[Start of section]

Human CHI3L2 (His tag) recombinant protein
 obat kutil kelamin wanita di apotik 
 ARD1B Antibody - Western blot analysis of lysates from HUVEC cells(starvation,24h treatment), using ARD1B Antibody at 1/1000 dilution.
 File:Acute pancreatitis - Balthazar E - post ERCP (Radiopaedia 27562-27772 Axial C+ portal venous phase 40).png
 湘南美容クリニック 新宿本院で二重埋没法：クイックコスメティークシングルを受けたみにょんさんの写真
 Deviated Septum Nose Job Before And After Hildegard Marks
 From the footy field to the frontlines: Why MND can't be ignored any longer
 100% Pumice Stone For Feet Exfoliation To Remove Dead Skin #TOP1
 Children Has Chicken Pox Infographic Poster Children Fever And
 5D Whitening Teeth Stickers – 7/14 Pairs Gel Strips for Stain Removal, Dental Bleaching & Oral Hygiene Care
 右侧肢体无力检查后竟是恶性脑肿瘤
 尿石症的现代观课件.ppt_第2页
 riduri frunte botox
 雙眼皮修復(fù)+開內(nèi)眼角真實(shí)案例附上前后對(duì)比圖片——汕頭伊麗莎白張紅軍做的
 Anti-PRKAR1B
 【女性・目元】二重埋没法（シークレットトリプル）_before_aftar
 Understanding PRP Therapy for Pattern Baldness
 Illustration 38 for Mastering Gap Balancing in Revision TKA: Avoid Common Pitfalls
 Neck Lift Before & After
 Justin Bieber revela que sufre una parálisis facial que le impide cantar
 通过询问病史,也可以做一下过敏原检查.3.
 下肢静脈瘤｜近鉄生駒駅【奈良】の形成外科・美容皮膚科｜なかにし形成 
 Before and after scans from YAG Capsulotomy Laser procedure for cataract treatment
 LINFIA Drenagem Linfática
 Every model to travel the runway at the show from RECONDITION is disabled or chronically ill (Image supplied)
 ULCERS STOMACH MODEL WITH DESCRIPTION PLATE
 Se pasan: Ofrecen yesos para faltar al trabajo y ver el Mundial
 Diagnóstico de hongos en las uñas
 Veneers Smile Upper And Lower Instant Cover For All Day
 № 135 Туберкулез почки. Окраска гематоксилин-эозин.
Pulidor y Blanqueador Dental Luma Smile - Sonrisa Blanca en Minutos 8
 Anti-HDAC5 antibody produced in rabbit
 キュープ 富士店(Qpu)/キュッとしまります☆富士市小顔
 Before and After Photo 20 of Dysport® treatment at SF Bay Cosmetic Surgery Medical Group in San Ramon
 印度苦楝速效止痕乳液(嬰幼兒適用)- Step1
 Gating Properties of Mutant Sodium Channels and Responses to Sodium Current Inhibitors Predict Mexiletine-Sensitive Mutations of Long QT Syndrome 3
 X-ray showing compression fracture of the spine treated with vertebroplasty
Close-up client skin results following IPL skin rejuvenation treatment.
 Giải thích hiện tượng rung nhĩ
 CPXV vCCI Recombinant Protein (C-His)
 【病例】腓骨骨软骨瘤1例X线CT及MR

[End of section]

- _EXERCISE PROMPT_:
Among the entries above, which lines include "Dental"? List them all.

- _RESPONSE AREA_:
 5D Whitening Teeth Stickers – 7/14 Pairs Gel Strips for Stain Removal, Dental Bleaching & Oral Hygiene Care
Pulidor y Blanqueador Dental Luma Smile - Sonrisa Blanca en Minutos 8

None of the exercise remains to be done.